Integral Test (p. 569) for series of positive terms	\(\sum\limits_{k=1}^{\infty }\,a_{k}\) converges (diverges) if \(\int_{1}^{\infty}\,f(x)\,dx\) converges (diverges), where \(f\) is continuous, positive, and decreasing for \(x\geq 1;\) and \(f(k)=a_{k}\) for all \(k\).	Good to use if \(f\) is easy to integrate.
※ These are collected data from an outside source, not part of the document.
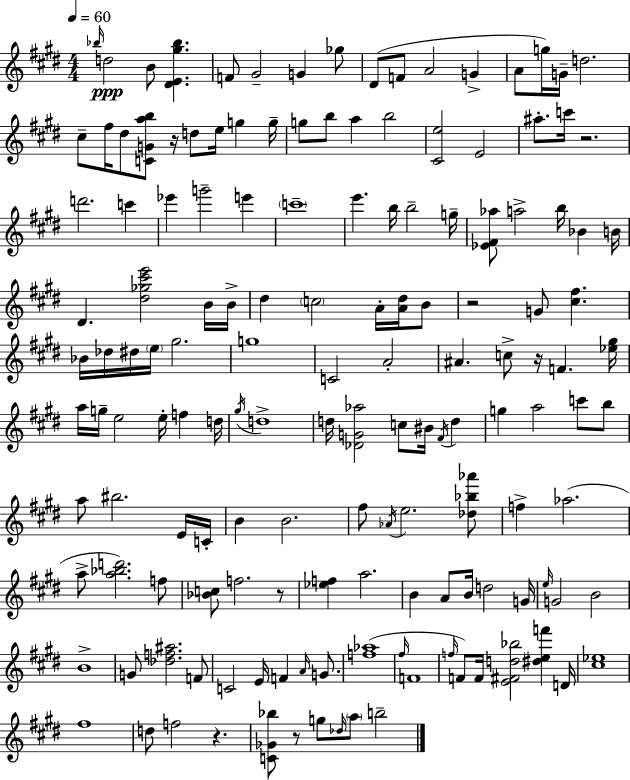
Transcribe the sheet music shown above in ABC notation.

X:1
T:Untitled
M:4/4
L:1/4
K:E
_b/4 d2 B/2 [^DE^g_b] F/2 ^G2 G _g/2 ^D/2 F/2 A2 G A/2 g/4 G/4 d2 ^c/2 ^f/4 ^d/2 [CGab]/2 z/4 d/2 e/4 g g/4 g/2 b/2 a b2 [^Ce]2 E2 ^a/2 c'/4 z2 d'2 c' _e' g'2 e' c'4 e' b/4 b2 g/4 [_E^F_a]/2 a2 b/4 _B B/4 ^D [^d_g^c'e']2 B/4 B/4 ^d c2 A/4 [A^d]/4 B/2 z2 G/2 [^c^f] _B/4 _d/4 ^d/4 e/4 ^g2 g4 C2 A2 ^A c/2 z/4 F [_e^g]/4 a/4 g/4 e2 e/4 f d/4 ^g/4 d4 d/4 [_DG_a]2 c/2 ^B/4 ^F/4 d g a2 c'/2 b/2 a/2 ^b2 E/4 C/4 B B2 ^f/2 _A/4 e2 [_d_b_a']/2 f _a2 a/2 [a_bd']2 f/2 [_Bc]/2 f2 z/2 [_ef] a2 B A/2 B/4 d2 G/4 e/4 G2 B2 B4 G/2 [_df^a]2 F/2 C2 E/4 F A/4 G/2 [f_a]4 ^f/4 F4 f/4 F/2 F/4 [E^Fd_b]2 [^def'] D/4 [^c_e]4 ^f4 d/2 f2 z [C_G_b]/2 z/2 g/2 _d/4 a/2 b2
Comparison Test for Convergence for series of positive terms (p. 576)	\(\sum\limits_{k=1}^{\infty }\,a_{k}\) converges if \(0< a_{k}\leq b_{k}\) and the series \(\sum\limits_{k=1}^{\infty }b_{k}\) converges.	\(\sum\limits_{k=1}^{\infty }b_{k}\) must have positive terms and be convergent.
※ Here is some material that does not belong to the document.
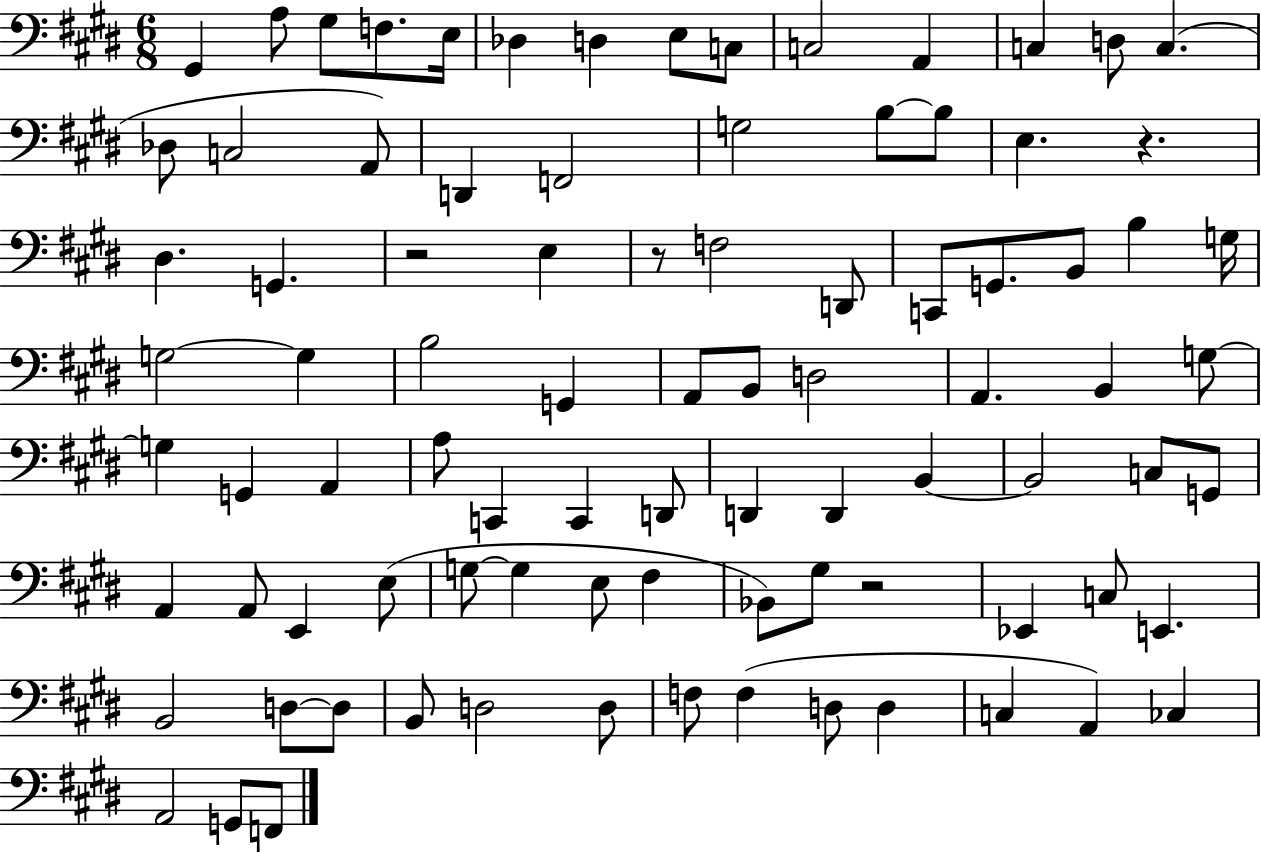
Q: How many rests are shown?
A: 4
Comparison Test for Divergence for series of positive terms (p. 576)	\(\sum\limits_{k=1}^{\infty}\,a_{k}\) diverges if \(a_{k}\geq c_{k}> 0\) and the series \(\sum\limits_{k=1}^{\infty }c_{k}\) diverges.	\(\sum\limits_{k=1}^{\infty }c_{k}\) must have positive terms and be divergent.
Limit Comparison Test (p. 577) for series of positive terms	\(\sum\limits_{k=1}^{\infty}\,a_{k}\) converges (diverges) if \(\sum\limits_{k=1}^{\infty }b_{k}\) converges (diverges), and \(\lim\limits_{n\,\rightarrow \,\infty }\dfrac{a_{n}}{b_{n}}=L,\) a positive real number.	\(\sum\limits_{k=1}^{\infty}b_{k}\) must have positive terms, whose convergence (divergence) can be determined.
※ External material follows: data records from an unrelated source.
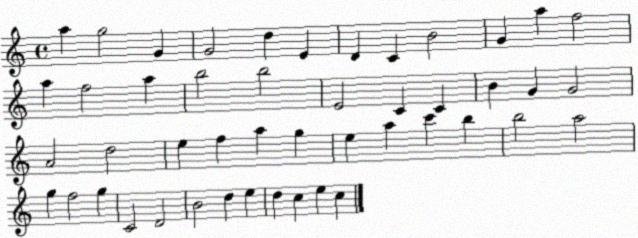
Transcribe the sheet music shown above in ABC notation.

X:1
T:Untitled
M:4/4
L:1/4
K:C
a g2 G G2 d E D C B2 G a f2 a f2 a b2 b2 E2 C C B G G2 A2 d2 e f a g e a c' b b2 a2 g f2 g C2 D2 B2 d e d c e c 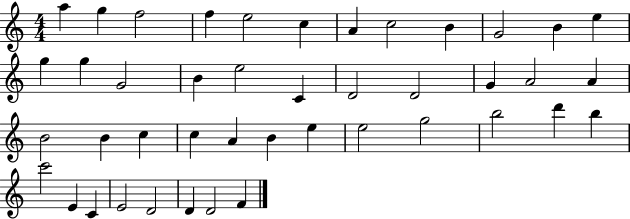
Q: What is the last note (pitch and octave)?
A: F4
Alternating Series Test (p. 582)	\(\sum\limits_{k=1}^{\infty}(-1)^{k+1}a_{k}\), \(a_{k}>0,\) converges if \( \lim\limits_{n\rightarrow \infty }a_{n}=0\) and the \(a_{k}\) are nonincreasing.	The error made by using the \(n\)th partial sum as an approximation to the sum \(S\) of the series is less than the \((n+1) \)st term of the series.
Absolute Convergence Test (p. 586)	If \(\sum\limits_{k=1}^{\infty}\,\left\vert a_{k}\right\vert \) converges, then \(\sum\limits_{k=1}^{\infty}a_{k}\) converges.	The converse is not true. That is, if \(\sum\limits_{k=1}^{\infty}\,\left\vert a_{k}\right\vert \) diverges, \(\sum\limits_{k=1}^{\infty }a_{k}\) may converge.
Ratio Test (p. 591) for series with nonzero terms	\(\sum\limits_{k=1}^{\infty }a_{k}\) converges if \(\lim\limits_{n\,\rightarrow \,\infty }\,\left\vert \dfrac{a_{n+1}}{a_{n}}\right\vert <1\). \(\sum\limits_{k=1}^{\infty}a_{k}\) diverges if \(\lim\limits_{n\,\rightarrow \,\infty }\,\left\vert \dfrac{a_{n+1}}{a_{n}}\right\vert >1\) or if \(\lim\limits_{n\,\rightarrow \,\infty }\,\left\vert \dfrac{a_{n+1}}{a_{n}}\right\vert = \infty\).	Good to use if \(a_{n}\) includes factorials or powers. It provides no information if \(\lim\limits_{n\,\rightarrow \,\infty }\,\left\vert \dfrac{a_{n+1}}{a_{n}}\right\vert =1.\)
Root Test (p. 593) for series with nonzero terms	\(\sum\limits_{k=1}^{\infty }a_{k}\) converges if \(\lim\limits_{n\,\rightarrow \,\infty }\sqrt[n]{\vert a_{n}\vert }<1\). \( \sum\limits_{k=1}^{\infty }a_{k}\) diverges if \(\lim\limits_{n\,\rightarrow \,\infty }\sqrt[n]{\vert a_{n}\vert }>1\) or if \(\lim\limits_{n\,\rightarrow \,\infty }\sqrt[n]{\vert a_{n}\vert }=\infty\).	Good to use if \(a_{n}\) involves \(n\)th powers. It provides no information if \(\lim\limits_{n\,\rightarrow\,\infty }\sqrt[n]{\vert a_{n}\vert }=1\).